START DATA FOR PROCESSING
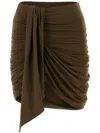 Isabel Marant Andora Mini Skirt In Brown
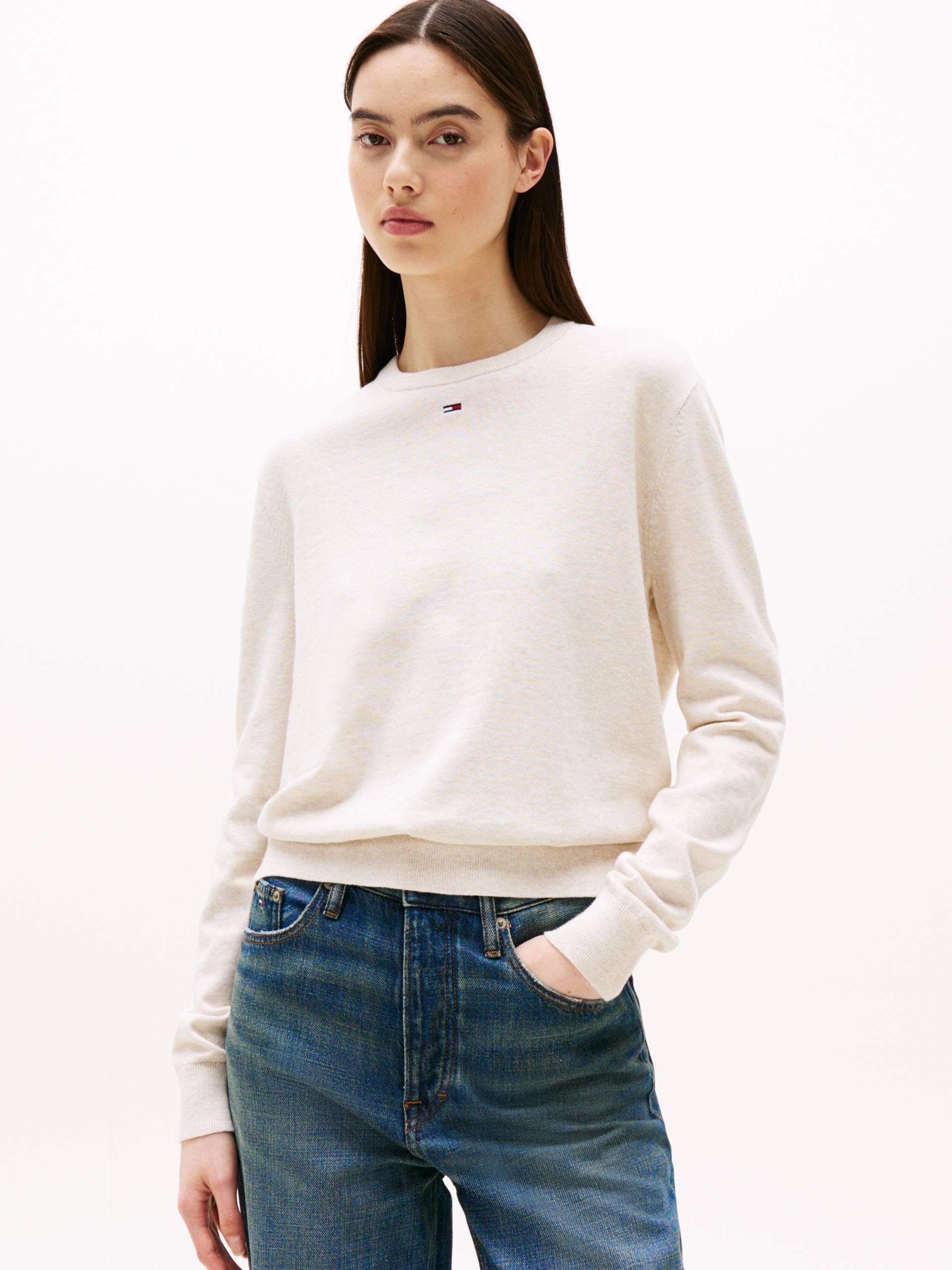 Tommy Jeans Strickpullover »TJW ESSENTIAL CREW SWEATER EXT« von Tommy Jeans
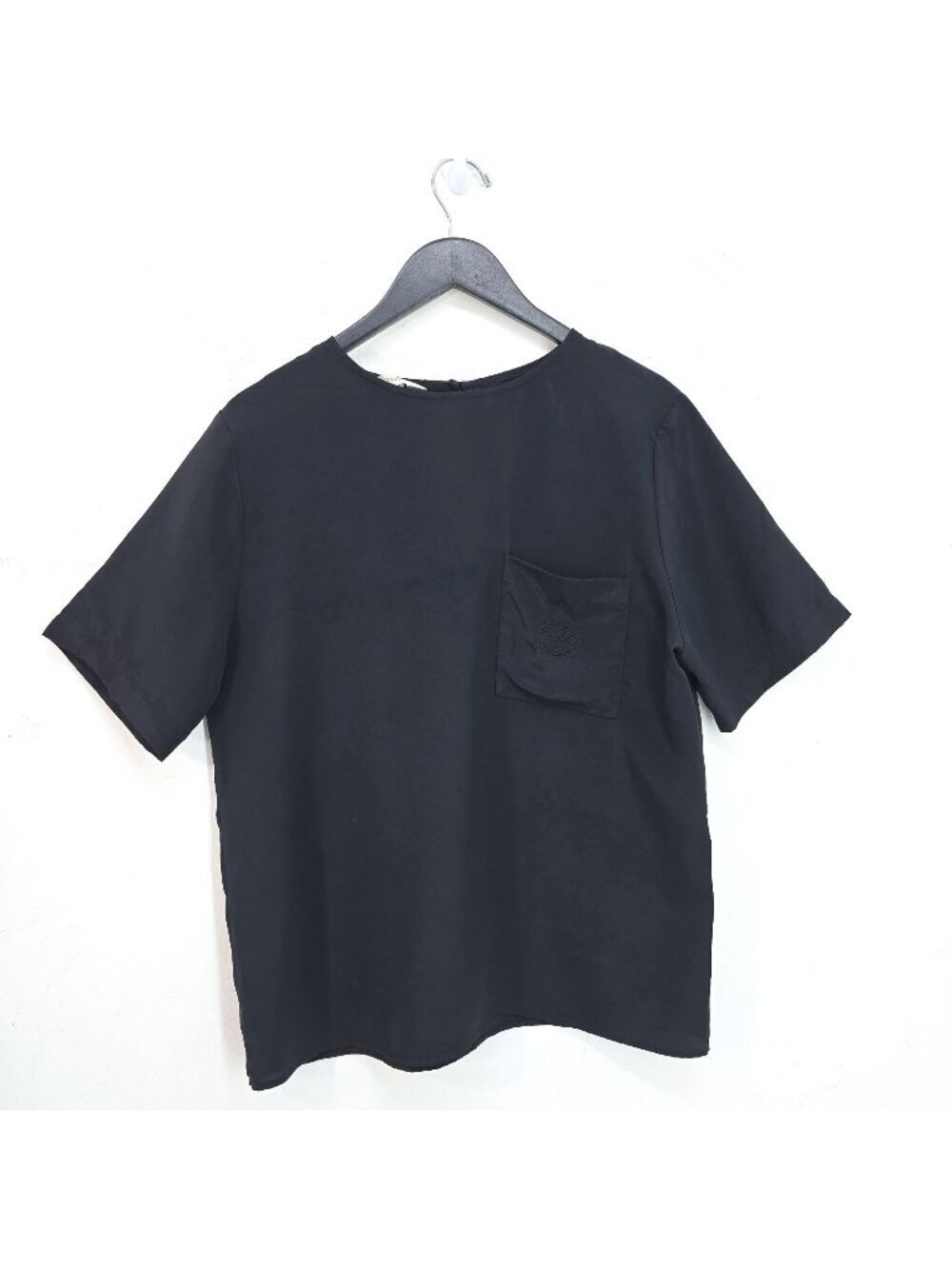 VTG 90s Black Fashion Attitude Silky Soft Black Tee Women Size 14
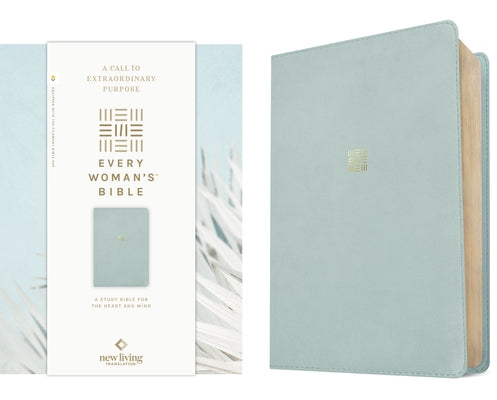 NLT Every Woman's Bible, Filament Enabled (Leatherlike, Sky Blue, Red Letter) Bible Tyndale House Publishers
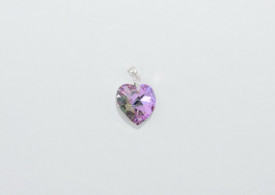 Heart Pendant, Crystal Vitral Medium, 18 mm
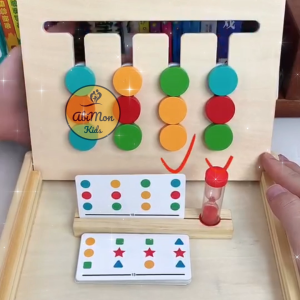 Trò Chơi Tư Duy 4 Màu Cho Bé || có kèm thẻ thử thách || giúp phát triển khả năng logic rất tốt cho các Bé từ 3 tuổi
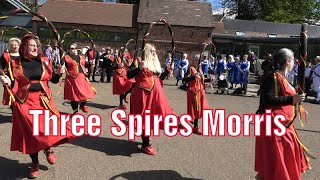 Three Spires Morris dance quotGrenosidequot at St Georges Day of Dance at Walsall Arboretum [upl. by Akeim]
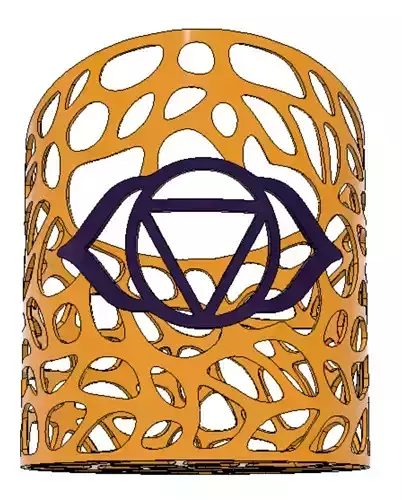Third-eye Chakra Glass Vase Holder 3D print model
END DATA FOR PROCESSING
PROBLEM REQUIREMENTS -> Output the entries above exactly. Drop the pictures.

EXPECTED OUTPUT ->
 Isabel Marant Andora Mini Skirt In Brown
 Tommy Jeans Strickpullover »TJW ESSENTIAL CREW SWEATER EXT« von Tommy Jeans
 VTG 90s Black Fashion Attitude Silky Soft Black Tee Women Size 14
 NLT Every Woman's Bible, Filament Enabled (Leatherlike, Sky Blue, Red Letter) Bible Tyndale House Publishers
 Heart Pendant, Crystal Vitral Medium, 18 mm
 Trò Chơi Tư Duy 4 Màu Cho Bé || có kèm thẻ thử thách || giúp phát triển khả năng logic rất tốt cho các Bé từ 3 tuổi
 Three Spires Morris dance quotGrenosidequot at St Georges Day of Dance at Walsall Arboretum [upl. by Akeim]
Third-eye Chakra Glass Vase Holder 3D print model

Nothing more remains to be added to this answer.